Community development directors argue that incentives help to level the playing field. This could be taken from two vantage points: Are we leveling the field among different community locations or between various parcels within an area? But when the playing field is full of activity, there are fewer reasons to stimulate expansion. Only by allowing businesses to locate without inducement will companies “vote” for their “desired level of public goods” and services by their choice of business location (Burnstein 2).

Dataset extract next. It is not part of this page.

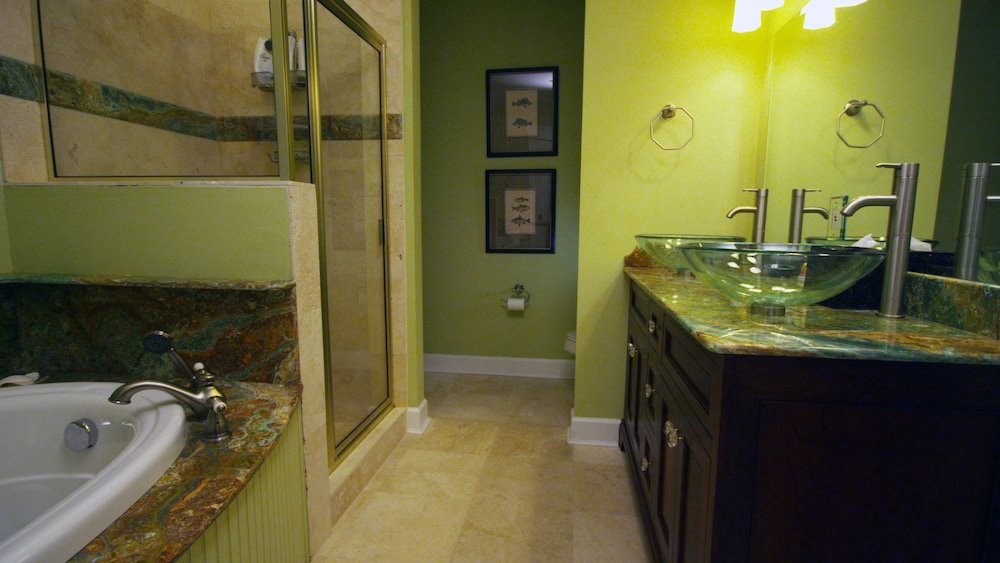 Grand Panama Beach Resort by Emerald View Resorts - photo 34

But, by not offering incentives, communities may well be at a competitive disadvantage with other areas. It seems that states, counties, and cities are in a great “arms race” to build an arsenal of programs and incentives that can be marshaled to secure a strategic advantage, whenever stagflation rears its head. What would happen if all development entities were unilaterally “disarmed” and had to rely on the natural advantages of their communities to attract business? I suspect it would force companies and communities to do what they do best and let others do the rest. Companies need to assess their real cost of doing business as if the grants and abatements did not exist, because they will not last forever (Wallace 3).
Most studies indicate that site selection criteria do not show financial incentives to be the major factors in business retention or expansion. Only 7% of firms considered incentives as a critical location factor. Their site considerations were primarily determined by real estate costs, site characteristics, and access, as well as their proximity to customers (Wilder 476).
Although abatement programs in Ohio are aggressive, the activity is focused on infrastructure improvements that will benefit more than the target firm. Officials maintain that Ohio incentives are not used as “bait” to lure companies across state lines, but to ensure that the company will succeed. Ohio has also made a conscious effort to attract more high-tech industries by “selling the natural reasons why companies would want to locate here” apart from financial inducements (Emerson 1-5).
The general trend indicates a curbing of the appetite for tax abatement. One consulting firm indicates that about 80% of communities surveyed show a decrease in available incentives (Stackhouse 2). But, some states, such as Michigan and Pennsylvania, still promote some “tax-free zones” that boast a comprehensive abatement package approaching 100% of all business taxes for up to 12 years. Yet many communities find these incentives less necessary, but wonder how they can “put the incentive genie back into the bottle” (Stackhouse 2).
Development entities are focusing more and more on the retention of companies rather than the poaching of businesses from other areas. However, an economist might remind us that some firms need to move anyway to achieve greater efficiency. Inducing them to stay does not solve their operational or locational problem, but merely ameliorates their symptoms-perhaps prolonging the inevitable…plant closure.